Merangkum Semua Peristiwa
Indeks

Raperda KTR Atur Larangan Penjualan Rokok, Pakar Ingatkan Dampak Sosial Ekonominya

Liputan6.com, Jakarta – Kepala Pusat Makroekonomi dan Keuangan Institute for Development of Economics and Finance (INDEF), M Rizal Taufikurahman menyoroti sejumlah pasal dalam Rancangan Peraturan Daerah (Raperda) tentang Kawasan Tanpa Rokok (KTR) DKI Jakarta.

Rizal menilai, diterapkannya zona pelarangan penjualan rokok di radius 200 meter dari satuan pendidikan dan tempat bermain anak, perluasan kawasan tanpa rokok hingga pasar tradisional, pasar rakyat bisa menekan aktivitas pedagang kecil dan memutus rantai ekonomi rakyat.

“Jangan lupa bahwa pedagang kecil merupakan bantalan ekonomi Jakarta. Jika larangan penjualan diterapkan, efek domino negatifnya mencakup turunnya omzet, lesunya daya beli, dan meningkatnya pengangguran terselubung,” kata Rizal dalam keterangan tertulis, dikutip Selasa (4/11/2025).

Menurutnya, pasal-pasal pelarangan penjualan dalam Raperda KTR mengabaikan realitas sosial-ekonomi urban yang selama ini bertumpu pada perputaran sektor informal.

“Kondisi ini bisa menekan stabilitas sosial dan memperlebar kesenjangan ekonomi di tingkat bawah,” ucapnya.

Rizal berujar, proyeksi hilangnya pendapatan daerah hingga 50 persen dari sektor tembakau harusnya menjadi sinyal fiskal serius bagi para pembuat kebijakan di DKI Jakarta. Terlebih, kata dia di tengah efisiensi transfer dana dari pusat.

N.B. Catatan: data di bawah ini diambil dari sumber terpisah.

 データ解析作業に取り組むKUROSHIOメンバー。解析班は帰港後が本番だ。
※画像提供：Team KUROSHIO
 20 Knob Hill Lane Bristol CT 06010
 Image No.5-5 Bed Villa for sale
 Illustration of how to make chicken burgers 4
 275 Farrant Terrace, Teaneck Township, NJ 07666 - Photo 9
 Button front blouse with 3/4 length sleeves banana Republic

Dia menilai, Pemerintah Provinsi (Pemprov) DKI Jakarta perlu menempuh strategi transisi fiskal yang gradual, di antaranya memaksimalkan cukai hasil tembakau (CHT) untuk pemberdayaan dan pembangunan.

“Jadi, bukan langsung memangkas sumber penerimaan tanpa pengganti yang siap. Oleh karena itu, Ranperda KTR seharusnya mengedepankan keseimbangan antara kesehatan publik dan keberlanjutan ekonomi rakyat,” ujarnya.